In this case, characterized by a critical, multisite infection supported by a difficult-to-treat bacterium such as MRSA, the strategy was to ensure maximum coverage, seeking both a pharmacodynamic synergism between antimicrobials, while including molecules with broad tissue distribution. In this perspective, the strategy was to combine at least two synergistic agents with favorable PK/PD profiles in each of the infected tissues: linezolid–ceftaroline for pneumonia and linezolid–daptomycin (and also ceftaroline) for soft tissues and musculoskeletal foci.
TDM for linezolid is crucial for correct dosage titration, especially among critically ill patients, due to the high variability and complex management of these subjects [15,16]. In particular, critically ill septic patients with acute kidney injury (AKI) who are undergoing CRRT could experience significant changes in linezolid PK/PD parameters [19,20]. In this case, we had to increase the linezolid dosage to 1800 mg/day to reach the target (Cmin 2–7 mg/L), as widely suggested in the literature [21,22]. Despite adequate linezolid dosing after adjustment, the patient suffered from progressive thrombocytopenia after two weeks of treatment. Therefore, we replaced linezolid with intravenous fosfomycin. The decision to replace linezolid with fosfomycin is supported by evidence of its synergistic effect with both daptomycin and ceftaroline. While daptomycin and ceftaroline disrupt S. aureus cell membrane synthesis, fosfomycin complements this action by inhibiting the early stages of peptidoglycan synthesis, enhancing the efficacy of both these antibiotics [23]. Moreover, thanks to its low molecular weight (138.06 g/mol) and protein binding, fosfomycin is known for its excellent penetration into the lungs, muscles, and abscesses, making it a suitable choice for a case like the one described [24,25]. Triple anti-MRSA therapy proved to be safe, and no other drug-related adverse effects were reported.
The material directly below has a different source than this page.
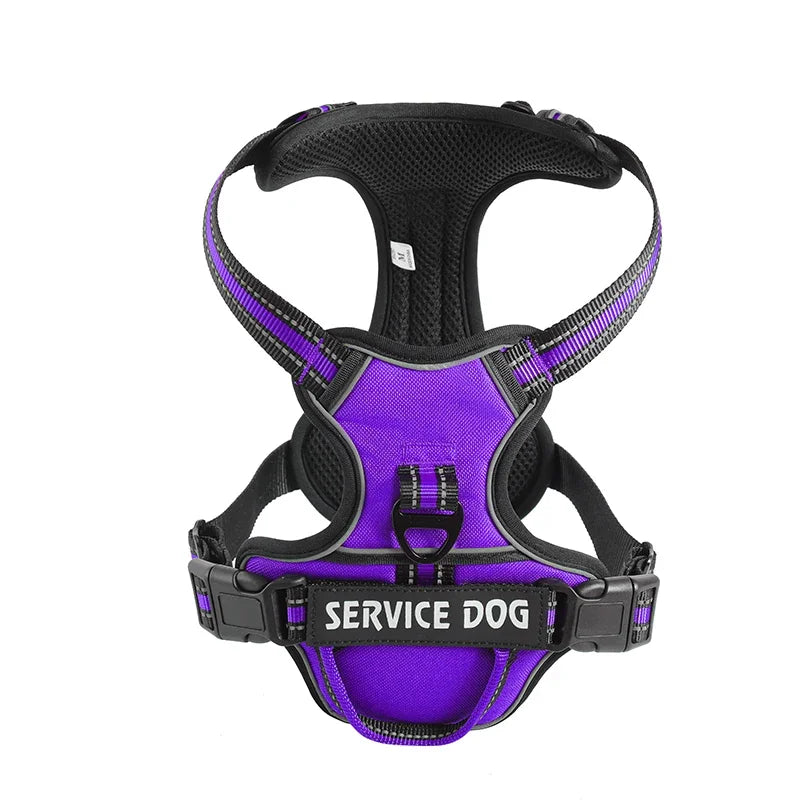 Reflective Adjustable Dog Harness – Breathable, Padded, with Custom Patch - Willen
The triple-targeted therapy was continued for 12 weeks.
Although the literature is not exhaustive in declaring the superiority of combination therapy over antimicrobial monotherapy, some authors agree on the difficulty in treating critical cases such as this one, where the fragility of the patient, the presence of multi-resistant organisms, the multiplicity and different localization of infectious foci, and the difficulty in performing rapid and effective source control could compromise the efficacy of antimicrobial therapy, especially in case of TDM unavailability [26]. Regarding adverse events (AEs), the use of a greater number of agents suggests more careful monitoring of toxicities, even if in an ICU setting where patients are closely monitored (e.g., CPR and eosinophilia for patients receiving daptomycin, and lactate levels and platelet counts for those on linezolid, hypernatremia for fosfomycin). The benefits of an intensified antibiotic regimen may significantly outweigh the risks, especially in centers equipped with clinical pharmacology and therapeutic drug monitoring services.
Second, soon after ICU admission, pediatric surgeons evaluated the patient for an early surgical debridement, but no evident focus was identified. Furthermore, endocarditis was ruled out through serial echocardiographic exams. Patients with a positive follow-up blood culture should undergo a thorough evaluation for occult foci of infection and an immediate surgical debridement [27]. Only a high index of suspicion and the presence of a multidisciplinary team made it possible to identify metastatic foci as soon as they were evident. Source control is a cornerstone of sepsis treatment and should be performed as early as possible to reduce mortality [28]. After effective source control, blood cultures resulted negative within a few days, and clinical conditions improved. Therefore, surgical debridement was necessary to obtain an infection cure, regardless of the correct antibiotic therapy. This case showed that source control is crucial, especially in persistent bacteremia, even in cases where the primitive focus appears uncertain or small. VAC therapy can be a helpful tool in managing extensive tissue debridement.
Lastly, ECCO2-R can be valuable in ensuring ultra-protective mechanical ventilation in the presence of multiple lung abscesses [29,30]. The initiation of treatment was carried out without anticoagulation. After the patient’s stabilization, anticoagulation was maintained with unfractionated heparin at a dose of 800–1400 U/h.

4. Conclusions

MRSA may cause life-threatening diffuse infections among pediatric and young adult healthy patients. A multidisciplinary approach, characterized by source control, effective combination therapy tailored through fast microbiology and TDM, and advanced management of organ complications, is needed to combat these severe infections adequately. Microbiologists, infectious disease specialists, clinical pharmacologists, and surgeons should be involved to ensure optimal support to intensivists and provide a 360-degree view of such complex cases.

Author Contributions

Conceptualization, M.L., S.A. and R.F.; methodology, M.L., S.A. and S.S.; validation, M.L., S.A., R.F. and M.S.; formal analysis, M.L., S.A., S.S. and R.F.; investigation, M.L., S.A. and S.S.; resources, M.L., S.A., S.S. and M.S.; data curation, M.L. and S.A.; writing—original draft preparation, M.L. and S.A.; writing—review and editing, M.L., S.A., R.F., M.S. and S.S.; supervision, R.F. All authors have read and agreed to the published version of the manuscript.

Funding

This research did not receive any specific grant from funding agencies in the public, commercial, or not-for-profit sectors.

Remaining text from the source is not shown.